PHOTO ESSAY: ‘Frontera | Border – A Living Monument’ At Tanz Im August
A dance born at the Mexico-United States border fuels a recent work by Mexican-Chilean-Austrian choreographer Amanda Piña.
“The dance was used to invent colonial difference – we must remember the modern world exists because of the plundering of others – it’s a very interesting dance, and through the years many people couldn’t get its complexity, and the dance was recorded as something where people had to represent their own defeat,” Piña told Exberliner Magazine.
Frontera | Border – A Living Monument, which ran Aug. 20 – 22 at Berlin’s Haus der Statistik as part of the 33rd Tanz im August international dance festival, is a tribute to people who cross borders, figuratively and literally.
Piña continued, in her Exberliner Magazine interview, to explain that Frontera | Border – A Living Monument draws on the larger narrative of the dance at its core, when one of the lead dancers in the piece, Rodrigo de la Torre, began to “dance this dance in a different context and it became very famous and expansive.”
As the title suggests, it has an architectural feel to it at times, with the dancers creating statuesque tableaus with their bodies, particularly at the beginning, building toward a highly energetic dance to percussion.
The summary on the Tanz im August site describes the choreography as, “interweav[ing] hip-hop culture, colonial tales, indigenous practices and mysticism.”
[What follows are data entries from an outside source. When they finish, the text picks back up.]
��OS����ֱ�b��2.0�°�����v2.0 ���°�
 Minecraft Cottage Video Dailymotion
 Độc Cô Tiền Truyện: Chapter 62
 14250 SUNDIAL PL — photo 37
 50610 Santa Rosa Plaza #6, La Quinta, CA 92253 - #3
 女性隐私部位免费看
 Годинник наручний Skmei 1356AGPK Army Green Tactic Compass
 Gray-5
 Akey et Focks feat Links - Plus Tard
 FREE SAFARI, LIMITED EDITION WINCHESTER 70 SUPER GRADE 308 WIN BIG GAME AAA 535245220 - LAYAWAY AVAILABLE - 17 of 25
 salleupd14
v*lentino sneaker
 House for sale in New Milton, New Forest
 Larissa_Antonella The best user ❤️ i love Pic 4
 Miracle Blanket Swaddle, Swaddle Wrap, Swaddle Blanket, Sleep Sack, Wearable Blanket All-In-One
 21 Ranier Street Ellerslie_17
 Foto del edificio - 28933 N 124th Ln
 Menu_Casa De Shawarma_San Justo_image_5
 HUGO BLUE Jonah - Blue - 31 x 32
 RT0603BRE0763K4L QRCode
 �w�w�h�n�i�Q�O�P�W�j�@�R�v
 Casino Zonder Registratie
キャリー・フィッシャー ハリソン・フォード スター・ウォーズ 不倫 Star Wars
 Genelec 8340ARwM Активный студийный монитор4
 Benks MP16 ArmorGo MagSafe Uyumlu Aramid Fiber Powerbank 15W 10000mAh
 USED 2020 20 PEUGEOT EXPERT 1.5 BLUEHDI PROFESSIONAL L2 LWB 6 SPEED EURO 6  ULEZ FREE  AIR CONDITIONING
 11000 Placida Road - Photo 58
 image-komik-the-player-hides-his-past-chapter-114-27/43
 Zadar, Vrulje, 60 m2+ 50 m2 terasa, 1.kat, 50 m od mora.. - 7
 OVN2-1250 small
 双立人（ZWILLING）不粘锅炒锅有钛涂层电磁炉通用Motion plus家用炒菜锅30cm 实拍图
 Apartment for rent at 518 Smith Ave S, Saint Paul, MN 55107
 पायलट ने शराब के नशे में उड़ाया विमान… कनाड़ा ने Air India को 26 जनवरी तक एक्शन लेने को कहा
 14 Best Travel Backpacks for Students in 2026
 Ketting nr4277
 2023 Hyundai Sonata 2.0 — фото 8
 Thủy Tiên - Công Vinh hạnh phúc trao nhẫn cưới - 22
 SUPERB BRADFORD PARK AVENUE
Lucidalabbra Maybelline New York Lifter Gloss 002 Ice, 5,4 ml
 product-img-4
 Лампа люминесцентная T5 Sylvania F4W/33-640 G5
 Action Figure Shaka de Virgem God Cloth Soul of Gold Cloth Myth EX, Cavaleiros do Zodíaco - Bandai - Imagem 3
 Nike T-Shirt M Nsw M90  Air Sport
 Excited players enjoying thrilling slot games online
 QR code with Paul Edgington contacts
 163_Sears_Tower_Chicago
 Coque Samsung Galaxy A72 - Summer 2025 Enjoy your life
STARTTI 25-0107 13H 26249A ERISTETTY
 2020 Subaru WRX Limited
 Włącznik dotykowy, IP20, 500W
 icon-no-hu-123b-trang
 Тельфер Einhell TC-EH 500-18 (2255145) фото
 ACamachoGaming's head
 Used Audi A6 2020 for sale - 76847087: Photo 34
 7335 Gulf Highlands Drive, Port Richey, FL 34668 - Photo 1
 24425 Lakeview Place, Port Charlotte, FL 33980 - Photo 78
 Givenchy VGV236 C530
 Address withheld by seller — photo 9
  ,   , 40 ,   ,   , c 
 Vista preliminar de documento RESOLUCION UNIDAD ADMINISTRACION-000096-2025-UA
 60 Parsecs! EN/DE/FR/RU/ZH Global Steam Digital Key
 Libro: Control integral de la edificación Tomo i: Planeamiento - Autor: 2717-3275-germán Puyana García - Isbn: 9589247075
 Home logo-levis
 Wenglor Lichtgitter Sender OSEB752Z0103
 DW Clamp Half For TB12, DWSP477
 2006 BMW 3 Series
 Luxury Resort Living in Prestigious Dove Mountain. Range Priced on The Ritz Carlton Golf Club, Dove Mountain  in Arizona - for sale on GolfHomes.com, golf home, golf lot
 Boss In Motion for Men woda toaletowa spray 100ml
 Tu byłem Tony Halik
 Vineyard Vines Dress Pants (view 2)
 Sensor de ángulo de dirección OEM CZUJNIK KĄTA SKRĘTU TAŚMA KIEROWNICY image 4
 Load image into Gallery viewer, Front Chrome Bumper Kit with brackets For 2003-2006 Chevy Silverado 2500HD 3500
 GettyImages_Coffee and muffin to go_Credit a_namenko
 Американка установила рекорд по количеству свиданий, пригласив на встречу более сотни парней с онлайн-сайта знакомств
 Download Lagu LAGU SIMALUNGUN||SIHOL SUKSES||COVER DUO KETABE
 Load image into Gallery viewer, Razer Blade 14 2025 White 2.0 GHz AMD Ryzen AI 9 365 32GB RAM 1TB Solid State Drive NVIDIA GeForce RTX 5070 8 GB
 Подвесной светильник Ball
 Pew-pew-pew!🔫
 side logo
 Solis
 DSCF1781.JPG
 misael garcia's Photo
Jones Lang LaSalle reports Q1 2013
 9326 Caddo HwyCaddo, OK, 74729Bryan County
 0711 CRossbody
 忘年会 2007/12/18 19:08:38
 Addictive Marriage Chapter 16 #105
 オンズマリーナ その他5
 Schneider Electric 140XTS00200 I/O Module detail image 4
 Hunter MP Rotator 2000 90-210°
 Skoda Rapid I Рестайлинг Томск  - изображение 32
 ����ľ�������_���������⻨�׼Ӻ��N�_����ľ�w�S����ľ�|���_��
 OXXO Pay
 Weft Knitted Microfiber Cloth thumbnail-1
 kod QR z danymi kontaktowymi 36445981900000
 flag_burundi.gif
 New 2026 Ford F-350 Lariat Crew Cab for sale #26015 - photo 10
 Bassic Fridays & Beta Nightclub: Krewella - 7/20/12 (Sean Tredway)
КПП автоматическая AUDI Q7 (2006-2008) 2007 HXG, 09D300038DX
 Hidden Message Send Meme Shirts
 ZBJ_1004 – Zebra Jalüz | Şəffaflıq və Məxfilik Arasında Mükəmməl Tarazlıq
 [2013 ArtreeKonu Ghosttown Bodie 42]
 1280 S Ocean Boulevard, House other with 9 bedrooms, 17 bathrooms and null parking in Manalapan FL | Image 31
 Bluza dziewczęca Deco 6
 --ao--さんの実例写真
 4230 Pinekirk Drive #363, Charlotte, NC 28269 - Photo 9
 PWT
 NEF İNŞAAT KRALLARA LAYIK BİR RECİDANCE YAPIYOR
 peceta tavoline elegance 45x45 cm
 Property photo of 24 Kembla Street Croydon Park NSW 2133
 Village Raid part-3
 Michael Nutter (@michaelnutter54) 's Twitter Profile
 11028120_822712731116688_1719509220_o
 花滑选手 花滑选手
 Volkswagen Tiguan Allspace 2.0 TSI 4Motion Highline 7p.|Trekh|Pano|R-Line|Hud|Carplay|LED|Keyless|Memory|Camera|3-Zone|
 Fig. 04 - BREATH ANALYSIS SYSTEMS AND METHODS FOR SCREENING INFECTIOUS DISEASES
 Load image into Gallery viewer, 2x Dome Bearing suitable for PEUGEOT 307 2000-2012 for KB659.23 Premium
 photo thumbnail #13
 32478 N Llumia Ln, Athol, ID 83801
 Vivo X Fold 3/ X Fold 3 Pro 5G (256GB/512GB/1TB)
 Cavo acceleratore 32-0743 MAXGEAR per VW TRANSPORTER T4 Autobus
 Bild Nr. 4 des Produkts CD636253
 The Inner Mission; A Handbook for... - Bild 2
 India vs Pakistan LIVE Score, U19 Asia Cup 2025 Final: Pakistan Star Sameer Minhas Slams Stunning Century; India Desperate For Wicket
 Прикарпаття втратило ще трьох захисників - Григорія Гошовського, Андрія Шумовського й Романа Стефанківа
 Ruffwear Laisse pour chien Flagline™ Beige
“Piña reminds us that the border is not just a line on a map, but that it cuts into some bodies more than others.”
The dance work, performed on an outdoor stage, was accompanied by “Danza y Fronterato,” an exhibition featuring a film about the performers in the piece, as well as research and costumes. And it’s the fourth installment of a larger work from Piña called Endangered Human Movements.